Her acceptance into Syracuse University saw her joining a Sorority, ‘Zeta Alpha Sigma’, in her second year. Initiation rituals were part and parcel of the group. Zailckas alluded to the fact that all US campuses were alcohol soaked. She intentionally looked for other drinking companions, and so the destructive spiral of out of control drinking binges reached new highs. Detailing these drinking sessions, she refers to incidents where she stumbled home alone in vomit stained clothing, later waking in bed naked, wondering whether she had lost her virginity and to whom. Blackouts became a common occurrence as she continued to drink herself into oblivion. The blackouts continued to plague her over a number of years, accompanied by vicious hangovers that unfortunately did little to dissuade her from her chosen path. At some point, Zailckas realised the monotonous drinking coupled with the blackouts, date rapes and suicidal thoughts had to stop. She left the Sorority and became a recluse. She finally stopped drinking at 22.
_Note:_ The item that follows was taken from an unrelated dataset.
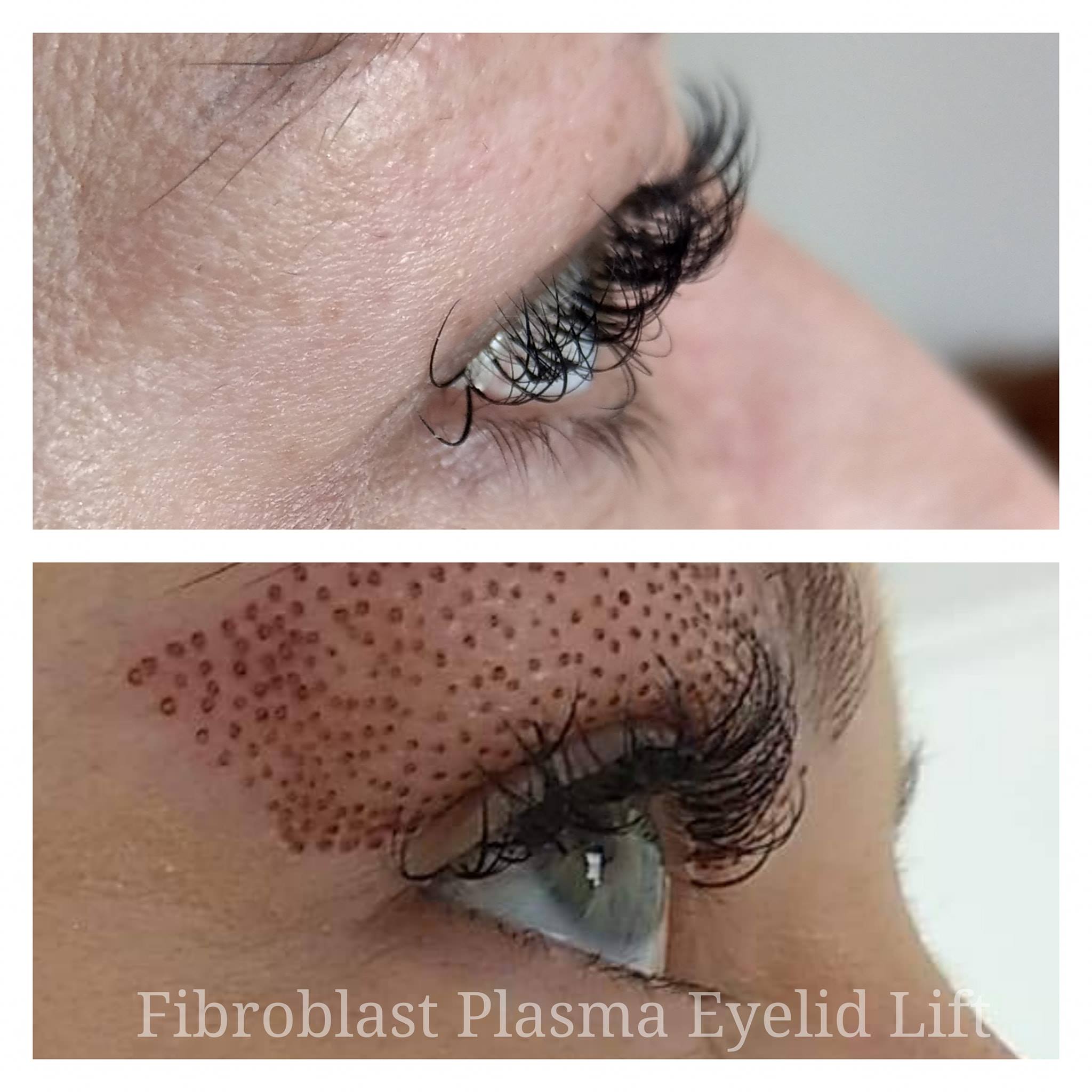 Before and after Fibroblast Plasma Eyelid Lift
Zailckas felt the need to drink, because she lacked confidence, was acutely self conscious and she felt that she did not ‘fit in’. Alcohol gave her a false sense of wellbeing and whilst under its influence she felt she could cope. She managed to secure a position as a journalist in New York; however, she rejected the notion of accepting outside help to combat her addiction. Zailckas refused to attend ‘Alcoholics Anonymous’, because she did not believe she was an alcoholic. Readers may well reach a different conclusion. In any event, her efforts to ‘go it alone’ are highly commendable. To this day Zailckas cannot promise to stay sober, but is trying.
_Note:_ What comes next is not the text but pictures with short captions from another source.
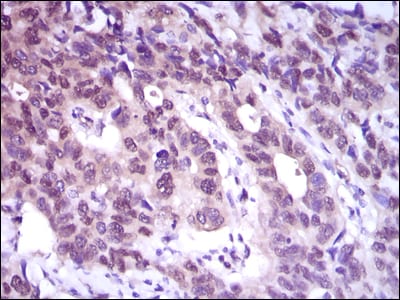 Figure 5: Immunohistochemical analysis of paraffin-embedded esophageal cancer tissues using ACLY mouse mAb with DAB staining.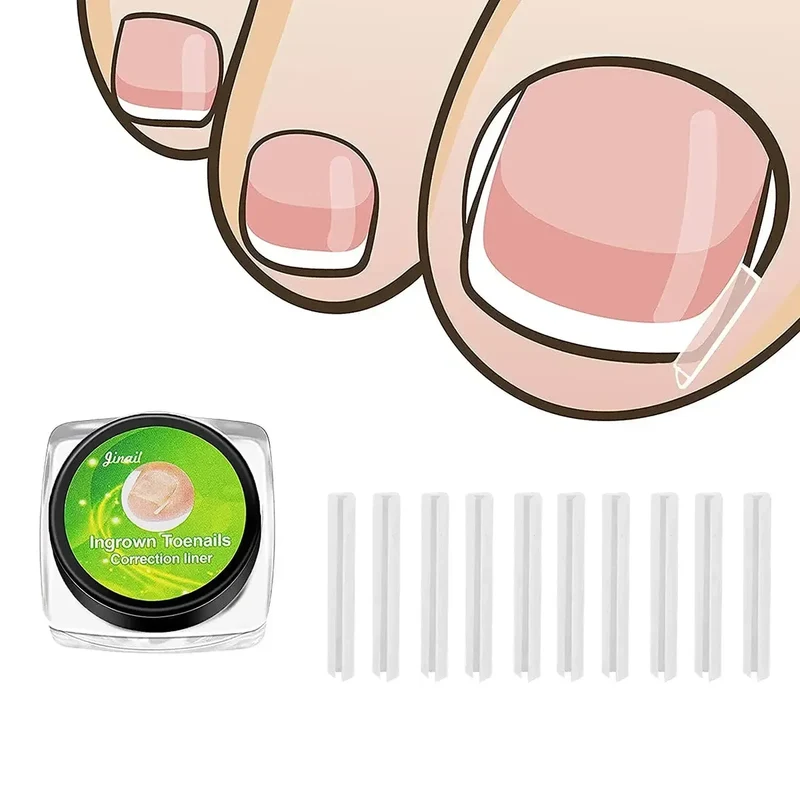 1-10 Box Elastic C-shaped Tube Padding Treatment Foot Care Invisible Groove Straightening Clip Ingrown Toenail Corrector Tools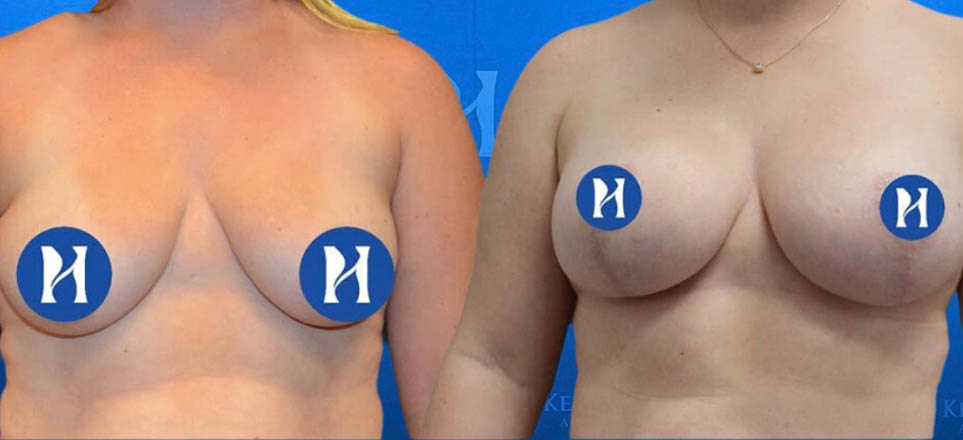 Breast Augmentation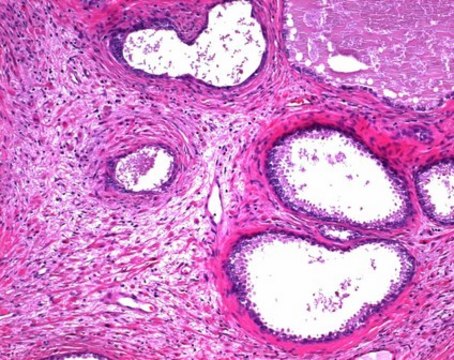 Eosin Y solution 1%, alcoholic for microscopy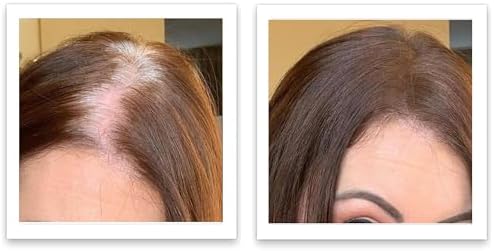 Instructions on how to apply Caboki powder to bald spots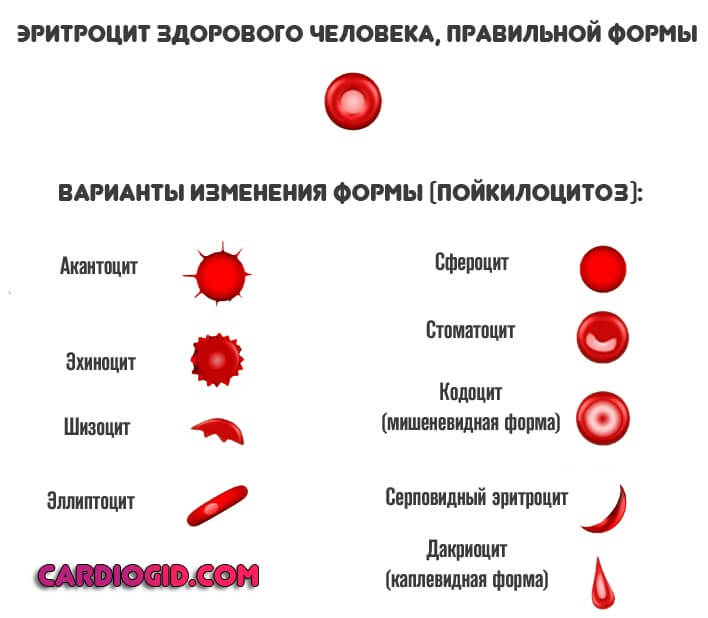 Анизоцитоз пойкилоцитоз в анализе крови thumbnail
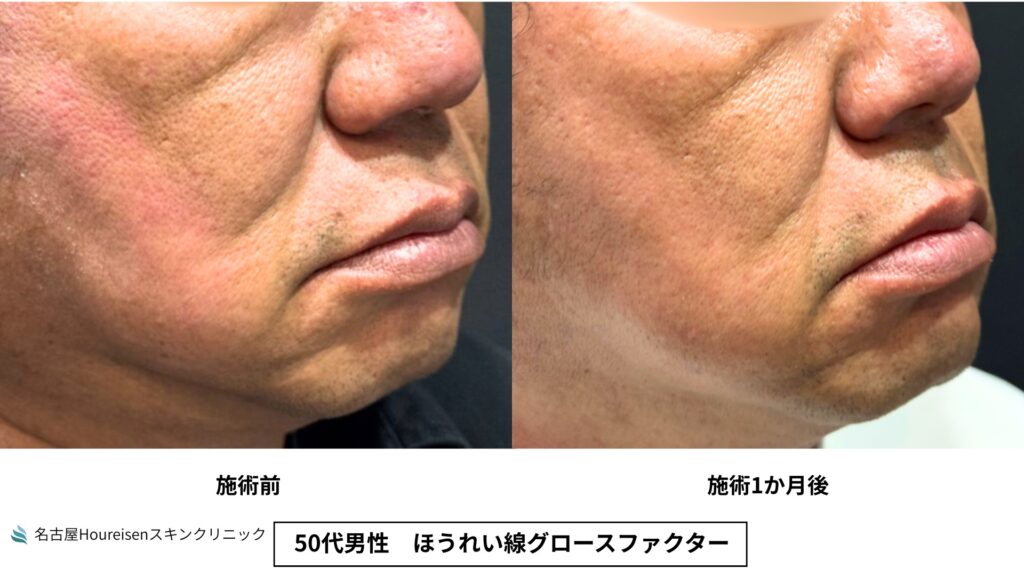 50代男性のほうれい線グロースファクター治療前と治療1か月後の斜め方向口元比較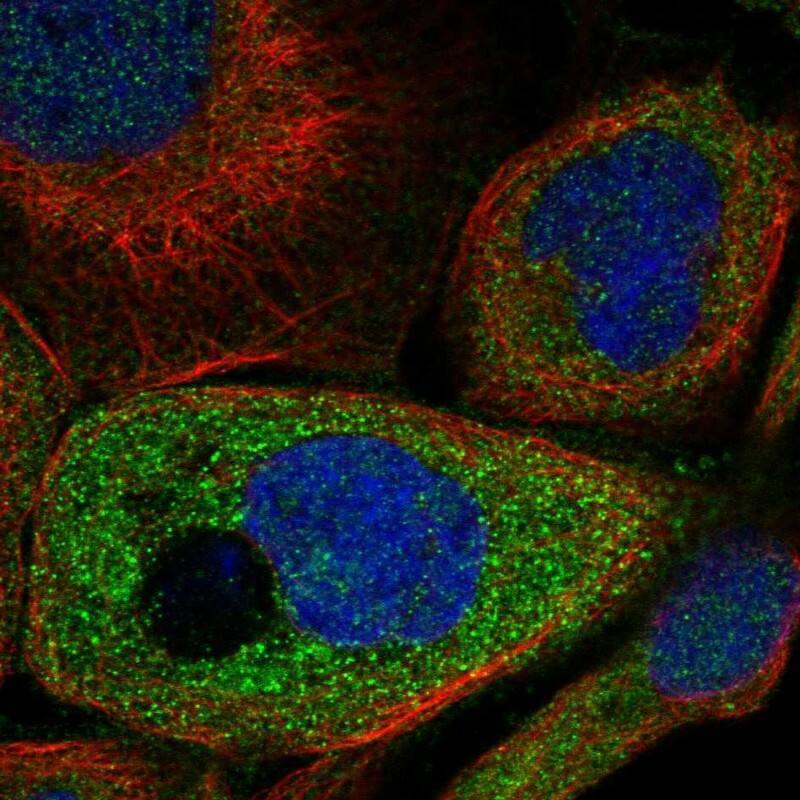 Staining of human cell line A-431 shows localization to nucleoplasm & cytosol.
This book has captured a quintessential American girl’s adolescence. The author’s insight into a so called ‘normal’ lifestyle of binge drinking is remarkable. For many years alcohol defined her, and her lifestyle. Zailckas could not cope in social situations without being drunk. She thought alcohol was the panacea for all her troubles, all self doubts. Disturbing statistics were quoted in the book from the Harvard School of Public Health Studies. “Most girls have their first drink by the age of 12, and get drunk by the age of 14; teenage girls drink as much as their male peers, but their bodies process it badly. (They get drunker faster, stay drunk longer and are more likely to die of alcohol poisoning). Research also suggests that date rape and alcohol go hand in hand.”
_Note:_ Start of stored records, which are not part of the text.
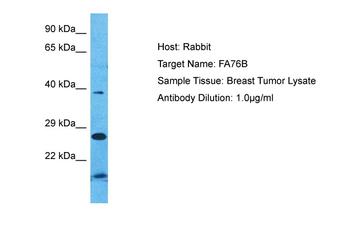 FAM76B Rabbit Polyclonal Antibody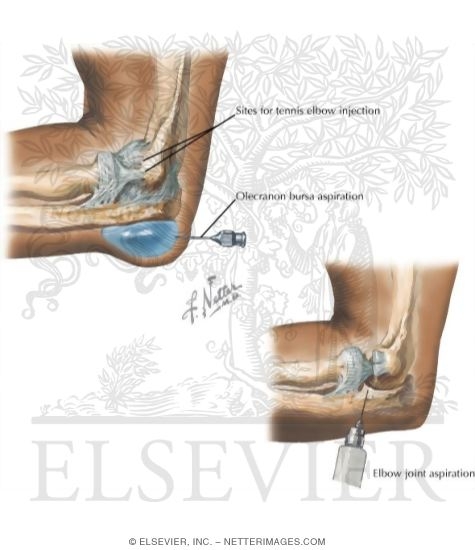 Watermarked preview of labeled image: Injections and Aspirations at the Elbow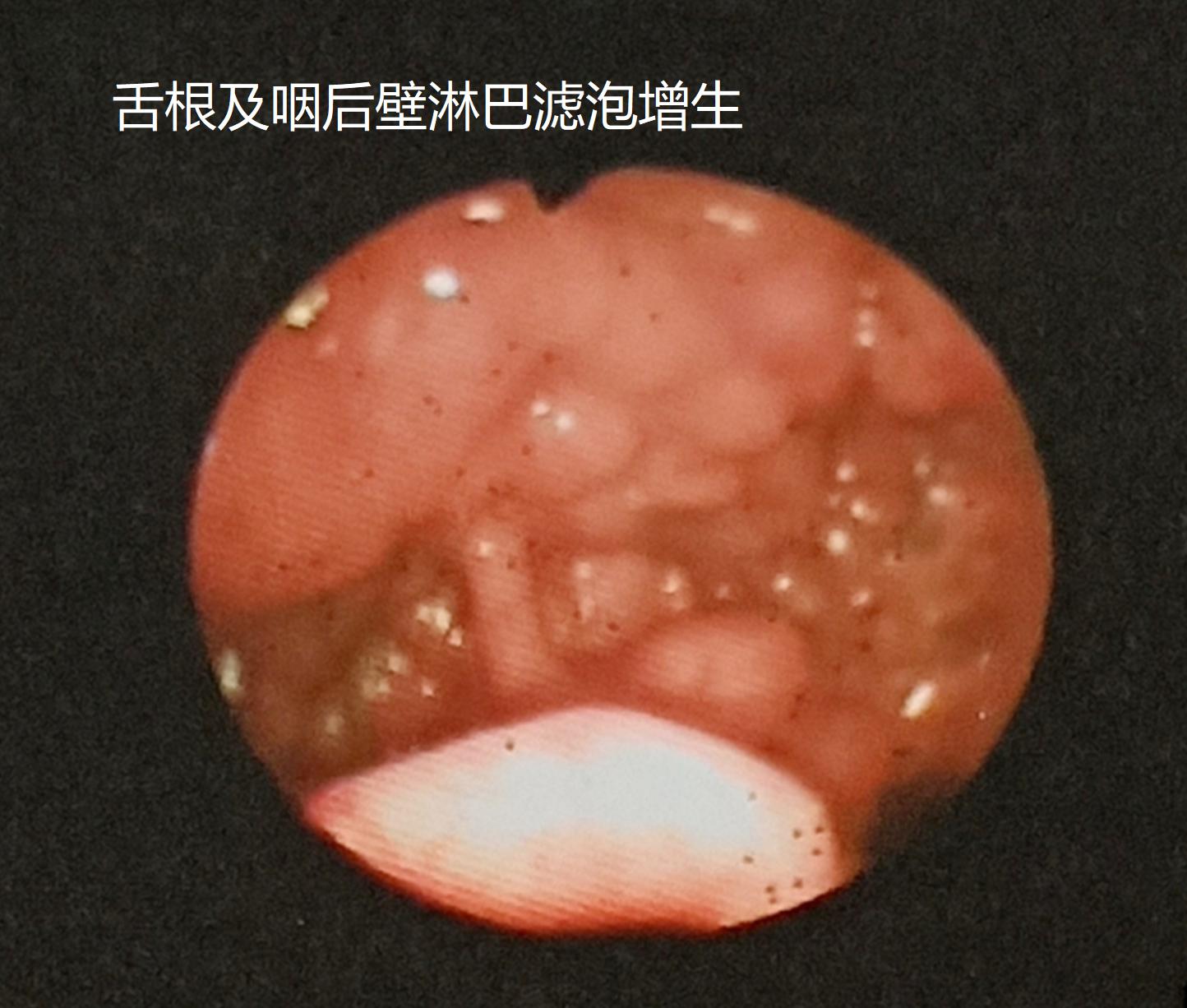 超强度工作，90后销售员“失声”了！保护嗓子有技巧，学了用得上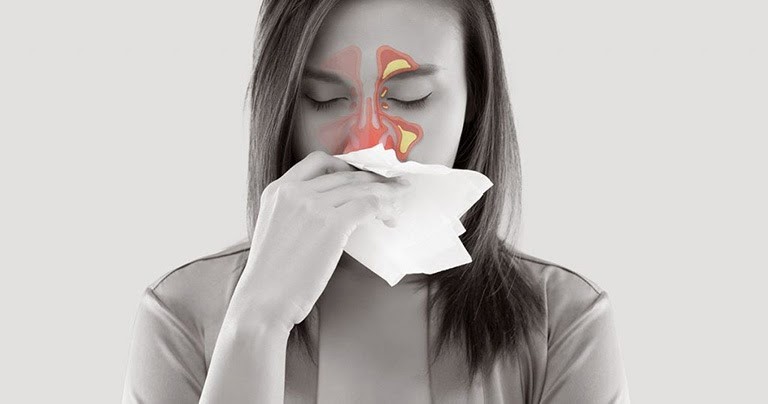 hắt xì sổ mũi liên tục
Binge drinking is a world-wide phenomenon increasingly affecting many societies. For many adolescents, it has become a way of life. For this reason alone, Zailckas’s story should feature prominently in all school curriculums around the world. The insightfulness and engaging prose of Koren Zailckas, will resonate with teenage readers, and will prompt thought provoking questions and introspection. Too many young women succumb to peer pressure, they feel the need to meet high social standards and crave acceptance from their friends. All too often, alcohol is resorted to and abused in the hope of finding the perfect panacea for their perceived insecurities. The tacit acceptance by our communities of alcohol as an ‘acceptable drug’ aided and abetted by the clever marketing of the alcohol purveyors who target the up and coming generation of new consumers, has to be checked. Society can no longer afford to turn a blind eye to this ever growing problem, which is wreaking havoc amongst our children. Therefore, I highly recommend this book and congratulate Zailckas for her honesty, integrity and insightfulness. This is a story that will resonate with many young people at a cross road in their lives, as well as their despairing parents. We ignore Zailckas’s message, at our peril!